Exercise prompt ->
Set down exactly, from the records below, the line with "Fujiyoshida, Japan Beautiful" through the line with "স্বচ্ছ স্কয়ার পিইটি", and nothing else.

Scraped caption text data:
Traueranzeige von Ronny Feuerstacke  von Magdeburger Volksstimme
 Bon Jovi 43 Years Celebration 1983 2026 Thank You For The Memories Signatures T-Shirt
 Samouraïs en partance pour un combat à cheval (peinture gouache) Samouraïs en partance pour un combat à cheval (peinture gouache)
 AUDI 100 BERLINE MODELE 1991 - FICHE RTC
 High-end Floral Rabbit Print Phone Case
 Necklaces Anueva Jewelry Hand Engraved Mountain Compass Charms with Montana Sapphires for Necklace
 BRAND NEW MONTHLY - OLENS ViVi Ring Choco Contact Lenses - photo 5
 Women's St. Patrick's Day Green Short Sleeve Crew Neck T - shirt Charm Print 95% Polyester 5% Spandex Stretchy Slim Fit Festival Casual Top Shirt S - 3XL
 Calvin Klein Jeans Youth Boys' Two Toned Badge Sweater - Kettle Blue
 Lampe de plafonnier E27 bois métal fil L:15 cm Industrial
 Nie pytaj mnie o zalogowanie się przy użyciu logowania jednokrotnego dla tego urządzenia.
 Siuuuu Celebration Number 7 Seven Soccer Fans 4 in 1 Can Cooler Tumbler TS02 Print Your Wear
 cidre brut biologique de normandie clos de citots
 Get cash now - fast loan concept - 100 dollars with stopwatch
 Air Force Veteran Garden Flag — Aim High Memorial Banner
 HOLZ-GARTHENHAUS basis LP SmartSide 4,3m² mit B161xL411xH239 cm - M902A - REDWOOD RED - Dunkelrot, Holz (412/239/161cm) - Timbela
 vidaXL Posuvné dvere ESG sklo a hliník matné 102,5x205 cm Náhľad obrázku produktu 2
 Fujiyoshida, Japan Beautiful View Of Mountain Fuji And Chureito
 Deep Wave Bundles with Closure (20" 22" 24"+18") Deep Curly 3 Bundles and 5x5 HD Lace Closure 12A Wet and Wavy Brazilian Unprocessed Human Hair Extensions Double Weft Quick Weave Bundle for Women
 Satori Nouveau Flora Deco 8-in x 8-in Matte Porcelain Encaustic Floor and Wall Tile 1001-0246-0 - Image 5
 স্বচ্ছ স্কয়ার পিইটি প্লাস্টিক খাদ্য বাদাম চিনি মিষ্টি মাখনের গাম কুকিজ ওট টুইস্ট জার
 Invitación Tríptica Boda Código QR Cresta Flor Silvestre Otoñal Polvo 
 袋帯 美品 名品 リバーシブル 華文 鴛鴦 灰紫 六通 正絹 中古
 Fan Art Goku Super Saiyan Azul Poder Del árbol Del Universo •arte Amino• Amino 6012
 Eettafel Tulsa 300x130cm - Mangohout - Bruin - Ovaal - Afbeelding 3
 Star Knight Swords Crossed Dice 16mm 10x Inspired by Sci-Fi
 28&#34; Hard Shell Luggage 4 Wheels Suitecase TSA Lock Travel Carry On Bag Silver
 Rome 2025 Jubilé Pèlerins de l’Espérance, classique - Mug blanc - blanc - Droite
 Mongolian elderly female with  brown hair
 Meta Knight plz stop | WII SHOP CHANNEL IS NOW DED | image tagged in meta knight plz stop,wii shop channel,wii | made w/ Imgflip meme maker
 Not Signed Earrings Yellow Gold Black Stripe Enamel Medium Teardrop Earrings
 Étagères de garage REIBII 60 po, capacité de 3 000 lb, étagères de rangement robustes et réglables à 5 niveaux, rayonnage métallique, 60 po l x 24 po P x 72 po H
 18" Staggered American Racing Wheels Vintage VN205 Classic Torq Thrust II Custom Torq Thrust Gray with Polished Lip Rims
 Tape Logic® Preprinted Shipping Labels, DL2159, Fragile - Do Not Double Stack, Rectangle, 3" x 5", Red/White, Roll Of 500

Task result ->
 Fujiyoshida, Japan Beautiful View Of Mountain Fuji And Chureito
 Deep Wave Bundles with Closure (20" 22" 24"+18") Deep Curly 3 Bundles and 5x5 HD Lace Closure 12A Wet and Wavy Brazilian Unprocessed Human Hair Extensions Double Weft Quick Weave Bundle for Women
 Satori Nouveau Flora Deco 8-in x 8-in Matte Porcelain Encaustic Floor and Wall Tile 1001-0246-0 - Image 5
 স্বচ্ছ স্কয়ার পিইটি প্লাস্টিক খাদ্য বাদাম চিনি মিষ্টি মাখনের গাম কুকিজ ওট টুইস্ট জার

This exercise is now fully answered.